TASK TO COMPLETE -> Each line of the material must be repeated precisely, with the pictures left out.
::::::
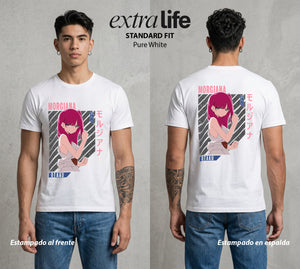 Las Mil y Una Batallas | Las Cadenas Rotas #02626 - Playera Standard Fit | Pure White - Foto en modelo
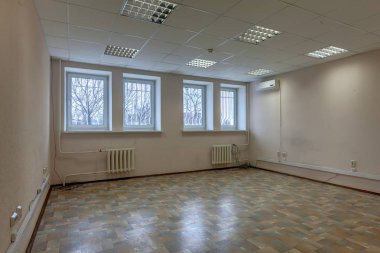 iç ticari kira için boş ofis alanı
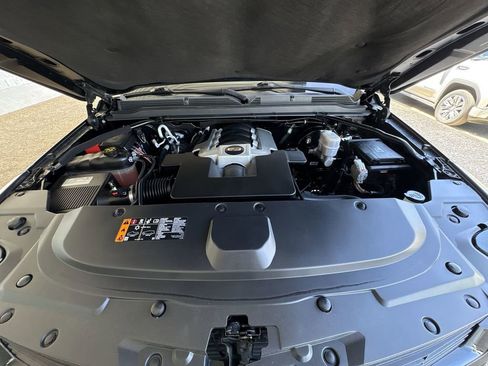 Certified 2020 Cadillac Escalade ESV Premium Luxury w/ Escalade Sport Edition AWD/4WD image 31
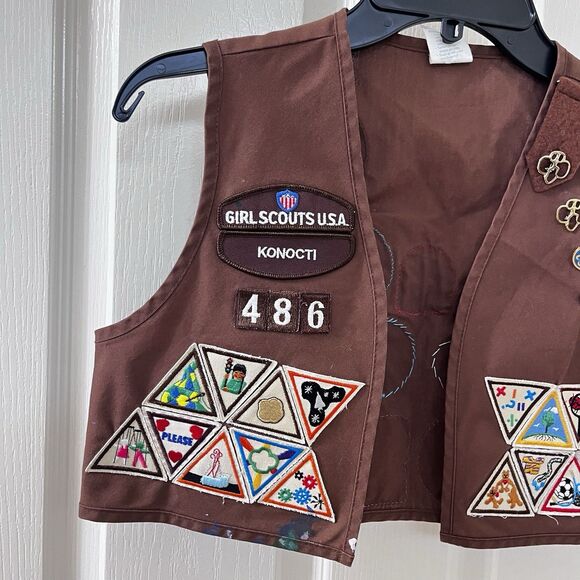 VTG Girl Scouts of America Brown Brownie Vest Pins Badges USA Size Medium 10-12 - Picture 2 of 14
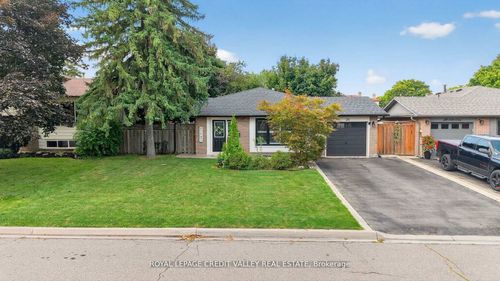 24 Willis Dr, Brampton, ON, L6W1A9 | Card Image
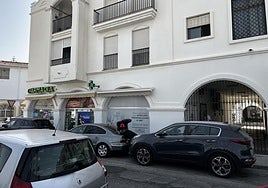 Calle Zinnia donde está la casa y la farmacia.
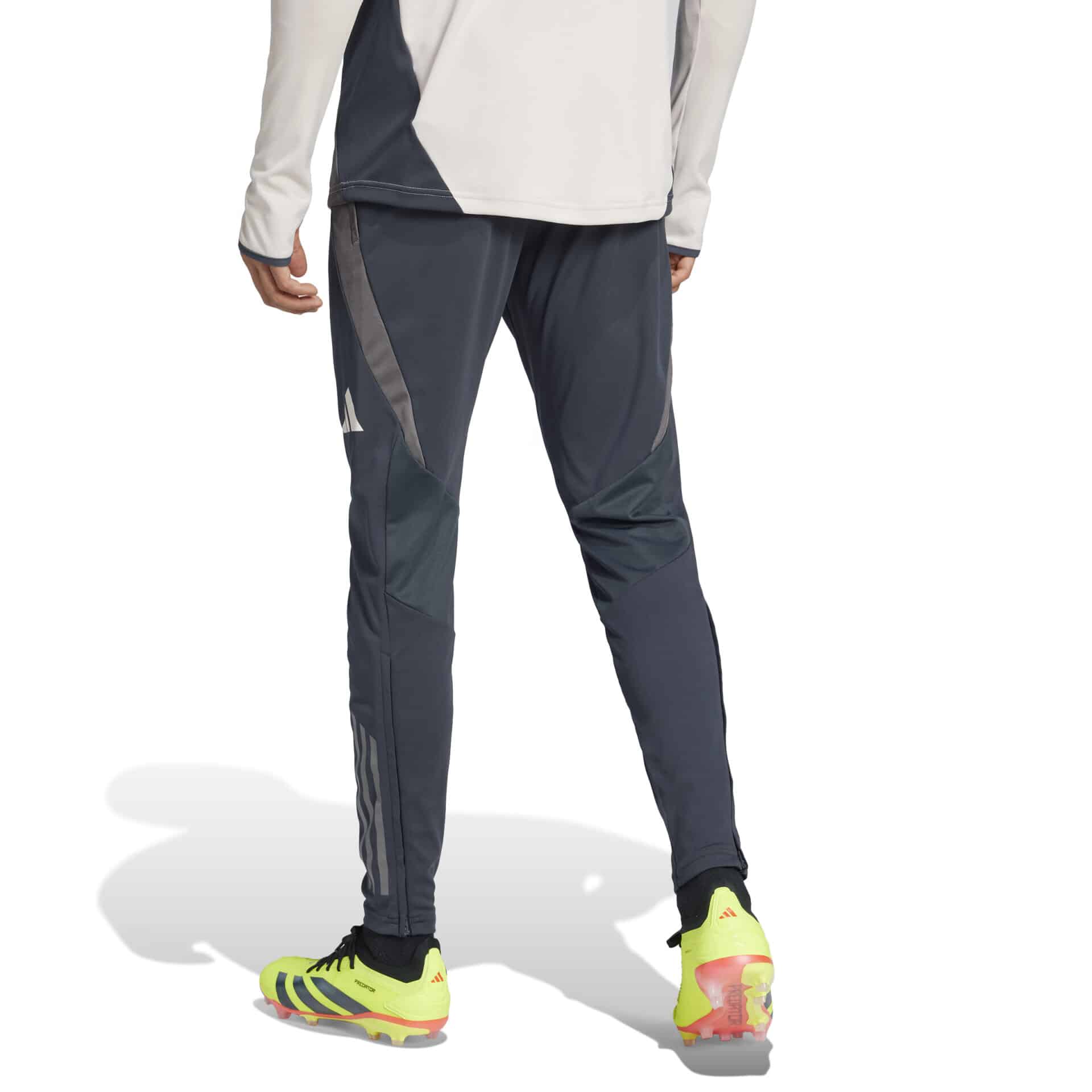 IT5096_4_APPAREL_On Model_Back View_white Pantaloni Allenamento Tiro 24 REAL MADRID
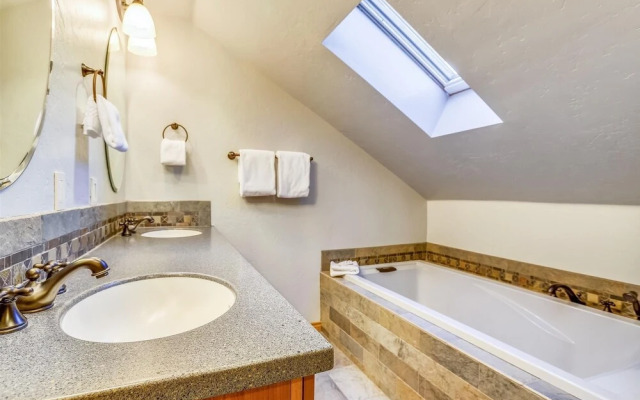 Snowy River 4 Bedroom Home by RedAwning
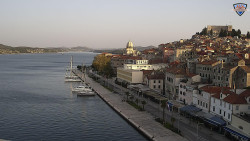 Nábřeží a město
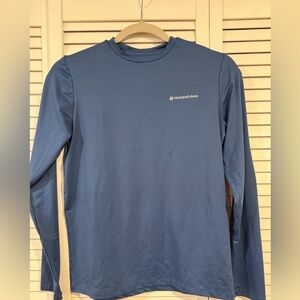 Vineyard Vines Performance Long Sleeve Tee Size Medium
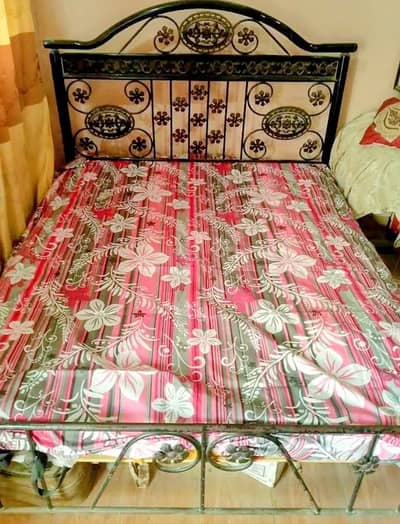 Strong and durable iron double bed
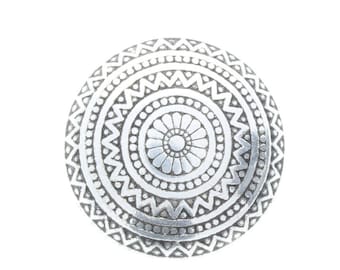 Op de afbeelding: Een zilveren ronde hanger met een gedetailleerd mandala-ontwerp. De hanger heeft concentrische cirkels met ingewikkelde patronen, waaronder een centraal bloemenmotief.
::::::
TASK ANSWER ->
 Las Mil y Una Batallas | Las Cadenas Rotas #02626 - Playera Standard Fit | Pure White - Foto en modelo
 iç ticari kira için boş ofis alanı
 Certified 2020 Cadillac Escalade ESV Premium Luxury w/ Escalade Sport Edition AWD/4WD image 31
 VTG Girl Scouts of America Brown Brownie Vest Pins Badges USA Size Medium 10-12 - Picture 2 of 14
 24 Willis Dr, Brampton, ON, L6W1A9 | Card Image
 Calle Zinnia donde está la casa y la farmacia.
 IT5096_4_APPAREL_On Model_Back View_white Pantaloni Allenamento Tiro 24 REAL MADRID
 Snowy River 4 Bedroom Home by RedAwning
 Nábřeží a město
 Vineyard Vines Performance Long Sleeve Tee Size Medium
 Strong and durable iron double bed
 Op de afbeelding: Een zilveren ronde hanger met een gedetailleerd mandala-ontwerp. De hanger heeft concentrische cirkels met ingewikkelde patronen, waaronder een centraal bloemenmotief.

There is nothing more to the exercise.